Jaime “Tony” Avitia, of El Paso, TX, is a driver for Stagecoach Cartage. Early in the morning of Aug. 31, 2010, Avitia was driving on I-10 on his way to a company facility in Laredo, TX.
“I noticed a pickup truck driving at high speed and then it suddenly left the roadway, hit a concrete drainage culvert nose-first, flipped into the air and landed upright,” said Avitia.
He quickly stopped his truck, grabbed a flashlight and first-aid kit, and scrambled down the embankment toward the truck. He then realized the driver – not wearing a seat belt – had been thrown into the back seat of the crew cab. Unable to find a pulse, Avitia was able to kneel on the front seat, squeeze between the arm rests and administer CPR on the man.

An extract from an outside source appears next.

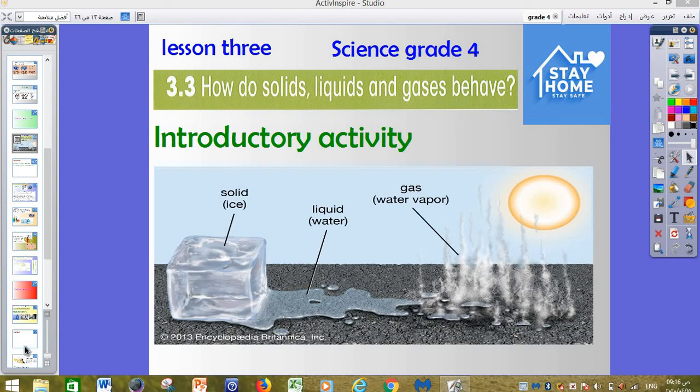Bismillah ar-Rahman ar-Rahim, alhamdulillah. This is Sam Mahmood, science teacher, and we have here lesson number 3 in science for grade number 4.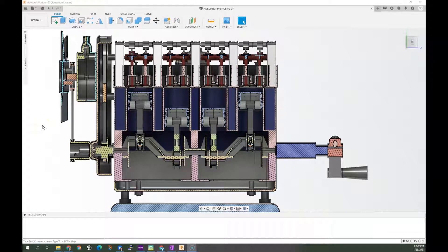I wanted to make a video to talk about a couple of different tests that we might perform on an engine. The first of those is a cylinder leak down test. And then I want to talk a little bit about vacuum and how an internal combustion engine creates vacuum, what kind of measurements we're going to make.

“I told my wife Terry, in the films on CPR, everyone is laid out flat and you have plenty of working space. That was not the way it was. But after four chest compressions, he finally coughed and began to breathe.”
David Nelson, of Orlando, FL, is an owner-operator leased to Werner Enterprises out of Omaha.
On Feb. 2, 2010, while driving on I-20 near Birmingham, AL, Nelson was flagged down by a woman who had just lost control of her vehicle and hit a road sign.
“I pulled over,” he said. “It seemed that no one else was willing to help. She was saying, ‘My daughter is dead!’”
The woman’s 7-year-old daughter had been injured and was not breathing. To make matters more intense, he learned the child had a previous heart condition. A certified EMT for 25 years, Nelson placed the girl on the ground and performed CPR until emergency personnel arrived. LL
Land Line Now Reporter Reed Black contributed to this story.